The first step is to understand what a triangular prism is. Imagine that we have a two-dimensional triangle drawn on a piece of paper. The triangle can be any type (isosceles, right, equilateral, scalene, etc.). Now we'll extend the triangle "upwards" from the table. We form a three-dimensional solid which is known as a triangular prism. Try to visualize that the two end faces of it are triangles, and the three side faces are rectangles. As we extend it upwards, we are giving it what we could call height.
We could also think of a triangle drawn on a chalkboard, and forming the triangular prism by extending it "outwards" from the board. We could think of that as giving it depth.
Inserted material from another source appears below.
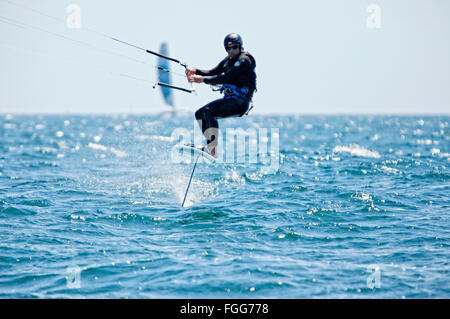 Kite Surfer Mayol Riffet in Aktion auf eine neue Kiteboard, Lorient, Bretagne, Frankreich. Stockfoto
In any case, we're dealing with a 2D triangle extended perpendicular to itself into the third dimension. Study the diagrams in this article to help you visualize it.
We now must understand what volume means. Just like area is the space inside a two-dimensional figure such as the triangle that we started with, volume is the space inside a three-dimensional solid such as a triangular prism. To compute volume we always must multiply three dimensions in some way.
Before we can find the volume of a triangular prism, we must first find the area of the triangle from which it was formed. The formula for the area of a triangle is half the base times height. See the Resource section for an entire article on just that topic. When we say height in that context, we mean a line drawn from the highest point of the triangle straight down and perpendicular to the base. The height is never measured along a slanted side of the triangle. See the diagrams in this article.
Once we know the area of the starting triangle, all we need to do is multiply that area times the third dimension. Here is where it gets a bit confusing. Many books label the third dimension as height, using a letter h just like we used for the height of the triangle. It doesn't actually matter what we call the third dimension. All we have to do is multiply that third dimension times the area of the triangle. It's important to understand that you may see two h's in diagrams for problems like this, but one has nothing to do with the other. In the diagrams of this article, one of the h's has been written in red to distinguish it. The height of the prism has nothing at all to do with the height of the starting triangle.
Note that you may also see the third dimension represented as d for depth. That is certainly less confusing since it doesn't reuse the letter h for a different purpose, but most books seem to purposely reuse the letter h to make sure that students fully understand how to do problems like this.
With all that said, to find the volume of a triangle prism, we just compute the area of the starting triangle using the formula given above, and then multiply it by the third dimension, whether we call it d or a second use of the letter h. Remember to express your answer in cubic units which is what we always do with volume problems regardless of the shape of the solid involved. Keep practicing. ☺